07/01/11
L'Unità
Più che opportuno il richiamo di Andrea Boraschi a prestare attenzione a quello che accade nel carcere (l’Unità, 2 gennaio). Un appello che riguarda tutti noi, e in particolare chi ha scelto di informare, di dare notizie. Troppe volte, in nome di un malinteso dovere di inseguire l’audience, si privilegia il "divertente" in luogo del più "banale" interessante.
Per tornare alla questione carceri e più in generale giustizia, accadono cose letteralmente inaudite, nel senso che non vengono ascoltate perché non sono raccontate. Per esempio in questi primi giorni del 2011 c’è già un primo decesso: si chiamava Salvatore Morelli, 35 anni, trovato morto all’alba del primo giorno del 2011 nella sua cella, a Lecce. Vittima, probabilmente, di un infarto. Era affetto da patologie legate a problemi cardiocircolatori; e, proprio come nel caso di Fernando Paniccia raccontato da Boraschi, era obeso. Una situazione clinica che lo costringeva a recarsi quasi ogni giorno presso l’ospedale; in una parola: non avrebbe dovuto stare in carcere, ma ci stava, e ci è morto. La situazione del penitenziario di Lecce è ben descritta dai dati diffusi dalla Uil Penitenziari: capienza regolamentare: 680; detenuti presenti: 1449; ricorsi al Magistrato di Sorveglianza: 187; ricorsi alla Commissione contro la Tortura della Corte di Strasburgo: 47; tentati suicidi (con lettera d’addio): 41; invii con estrema urgenza al Pronto soccorso: 937; detenuti tossicodipendenti: 253; detenuti affetti da Epatite C: 361; visite mediche eseguite giornalmente: 80; detenuti affetti da patologie ansioso-depressive: 90; detenuti con patologie psicotiche: 40 per cento; detenuti che fanno uso di ansiolitici: 90 per cento.
Una situazione limite, che è anche il paradigma di quello che accade un po’ ovunque.
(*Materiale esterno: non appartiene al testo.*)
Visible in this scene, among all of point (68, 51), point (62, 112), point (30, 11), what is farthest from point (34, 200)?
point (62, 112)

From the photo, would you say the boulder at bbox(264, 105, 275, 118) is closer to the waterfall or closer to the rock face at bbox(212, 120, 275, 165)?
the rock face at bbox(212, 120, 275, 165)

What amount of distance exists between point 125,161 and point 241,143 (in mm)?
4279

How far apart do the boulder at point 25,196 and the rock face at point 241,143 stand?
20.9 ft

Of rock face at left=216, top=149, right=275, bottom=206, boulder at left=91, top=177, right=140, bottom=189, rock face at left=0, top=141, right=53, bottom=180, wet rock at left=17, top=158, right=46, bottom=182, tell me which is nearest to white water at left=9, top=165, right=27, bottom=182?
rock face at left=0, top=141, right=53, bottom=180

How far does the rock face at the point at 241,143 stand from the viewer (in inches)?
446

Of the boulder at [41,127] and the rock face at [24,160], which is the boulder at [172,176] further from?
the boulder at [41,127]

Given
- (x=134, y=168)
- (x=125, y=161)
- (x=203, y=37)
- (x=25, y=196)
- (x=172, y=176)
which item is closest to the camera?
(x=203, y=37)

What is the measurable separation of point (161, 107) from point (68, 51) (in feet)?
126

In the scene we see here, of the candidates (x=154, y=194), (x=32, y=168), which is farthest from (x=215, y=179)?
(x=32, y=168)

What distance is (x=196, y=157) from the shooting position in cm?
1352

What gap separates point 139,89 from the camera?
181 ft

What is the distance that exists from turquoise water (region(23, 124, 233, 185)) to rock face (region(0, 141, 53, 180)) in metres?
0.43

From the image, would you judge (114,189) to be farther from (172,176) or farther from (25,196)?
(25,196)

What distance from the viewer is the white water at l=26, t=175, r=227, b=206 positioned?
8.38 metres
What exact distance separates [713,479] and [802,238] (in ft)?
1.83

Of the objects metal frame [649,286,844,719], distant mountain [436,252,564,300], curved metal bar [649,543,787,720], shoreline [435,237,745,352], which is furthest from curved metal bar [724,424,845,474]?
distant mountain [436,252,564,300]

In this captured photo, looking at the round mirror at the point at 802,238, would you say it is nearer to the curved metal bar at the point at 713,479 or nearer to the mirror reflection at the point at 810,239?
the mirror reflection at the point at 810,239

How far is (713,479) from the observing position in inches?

Il 29 dicembre per esempio, nel carcere di Frosinone è morto un detenuto di 53 anni. Si chiamava Claudio A., le cause del decesso sono ancora da accertare. E l’undicesimo decesso (quattro i suicidi) nelle carceri del Lazio nel 2010.
Dovremmo dedicare più spazio a queste "notizie"; e valorizzare iniziative come la recente di Marco Pannella, Rita Bernardini e altri dirigenti radicali che hanno trascorso il Capodanno nelle carceri di Padova e di Bologna. Non per dire quanto sono bravi, ma per far capire che si presta attenzione a queste iniziative, e chissà, forse, anche altri parlamentari di altri partiti, possono così essere indotti a imitarli. Quanto al ministro della Giustizia Alfano, sembra non esserci; se c’è, sembra dormire. Se non dorme, resta a guardare... C’è chi lo indica come il possibile successore di Berlusconi. Con la sua politica del "non fare" ha delle ottime possibilità.